You know what I got for a response? Something like this. "Our company and products are not for you. " Pretty much meant....."Our crap is rice and someone like you who cares about performance doesnt want it"


----------



## Teknokid (Jun 1, 2002)

Here are some threads.

http://www.nissanforums.com/showthread.php?s=&threadid=17355&highlight=dropzone+coilovers 

http://www.nissanforums.com/showthread.php?s=&threadid=1677&highlight=dropzone+coilovers 

Hope this helps


----------



## pearsont74 (Oct 1, 2002)

Excellent info!!!!!
Thanks alot.
Nice site BTW


----------



## pearsont74 (Oct 1, 2002)

OK...I just cant wait anymore. I want to install my coilovers this weekend.

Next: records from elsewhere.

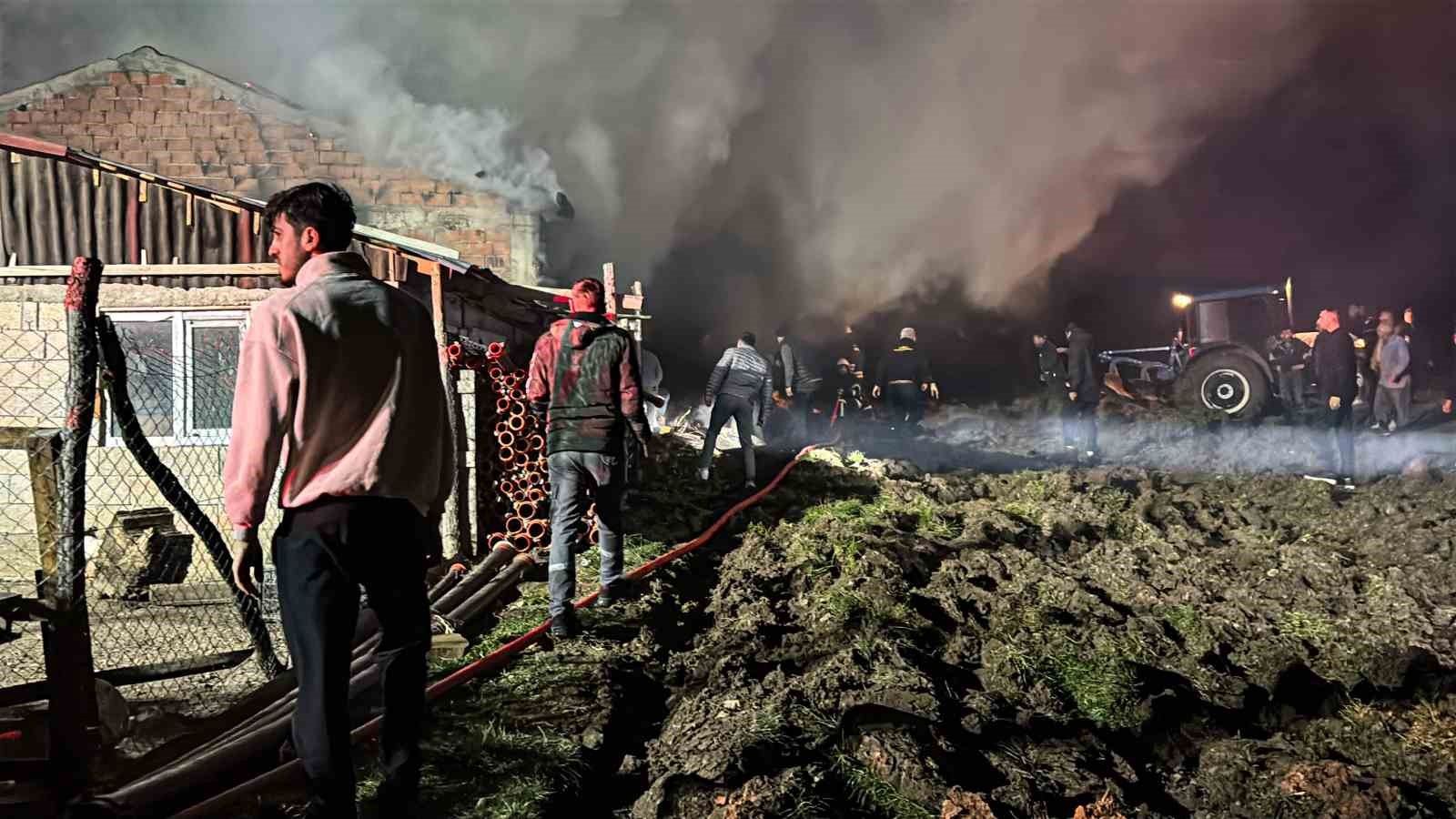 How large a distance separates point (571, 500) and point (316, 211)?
286 centimetres

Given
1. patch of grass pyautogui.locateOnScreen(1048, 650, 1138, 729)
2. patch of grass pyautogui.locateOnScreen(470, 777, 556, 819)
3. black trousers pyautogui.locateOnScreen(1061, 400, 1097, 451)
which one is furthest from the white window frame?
black trousers pyautogui.locateOnScreen(1061, 400, 1097, 451)

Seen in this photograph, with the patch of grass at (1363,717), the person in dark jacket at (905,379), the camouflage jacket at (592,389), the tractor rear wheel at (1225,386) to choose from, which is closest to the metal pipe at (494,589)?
the camouflage jacket at (592,389)

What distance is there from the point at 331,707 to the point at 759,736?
1.72m

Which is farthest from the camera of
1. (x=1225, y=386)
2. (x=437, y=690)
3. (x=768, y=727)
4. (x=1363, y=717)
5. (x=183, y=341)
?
(x=1225, y=386)

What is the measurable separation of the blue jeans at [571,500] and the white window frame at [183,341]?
4.08 meters

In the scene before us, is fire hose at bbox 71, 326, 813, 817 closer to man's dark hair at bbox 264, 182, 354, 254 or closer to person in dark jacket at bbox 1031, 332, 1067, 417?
man's dark hair at bbox 264, 182, 354, 254

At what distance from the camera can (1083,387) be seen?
13258mm

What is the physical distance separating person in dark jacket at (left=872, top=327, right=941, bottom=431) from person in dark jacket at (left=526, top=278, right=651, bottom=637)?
9297 millimetres

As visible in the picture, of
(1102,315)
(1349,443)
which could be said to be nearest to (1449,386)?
(1102,315)

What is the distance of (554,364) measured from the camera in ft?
17.8

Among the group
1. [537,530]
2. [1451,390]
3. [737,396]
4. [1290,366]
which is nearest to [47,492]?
[537,530]

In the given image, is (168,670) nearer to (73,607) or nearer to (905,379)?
(73,607)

I know and plan to replace to factor shocks and struts but cant quite afford them now. If I install the coilovers on my factor suspension and drive carefully until I can get KYB AGX adjustables how bad will it be?? I hard drive my car much anyhow and in probably less then a month I will have the KYB AGX adjustables. Has anyone dont this?? and long before you blow the factor suspension.


----------



## lowridin23 (Jul 23, 2002)

Dropzone coils are sweet. Ride, handling, and looks all there. Anybody who says different hasn't had them. Oh yeah, I would get all four agx's before getting them. Get some new motivational bumpstops too. You'll be happy.


----------



## pearsont74 (Oct 1, 2002)

lowridin23 said:


> *Dropzone coils are sweet. Ride, handling, and looks all there. Anybody who says different hasn't had them. Oh yeah, I would get all four agx's before getting them. Get some new motivational bumpstops too. You'll be happy. *


Thanks...finally someone with them who can tell me about them.


----------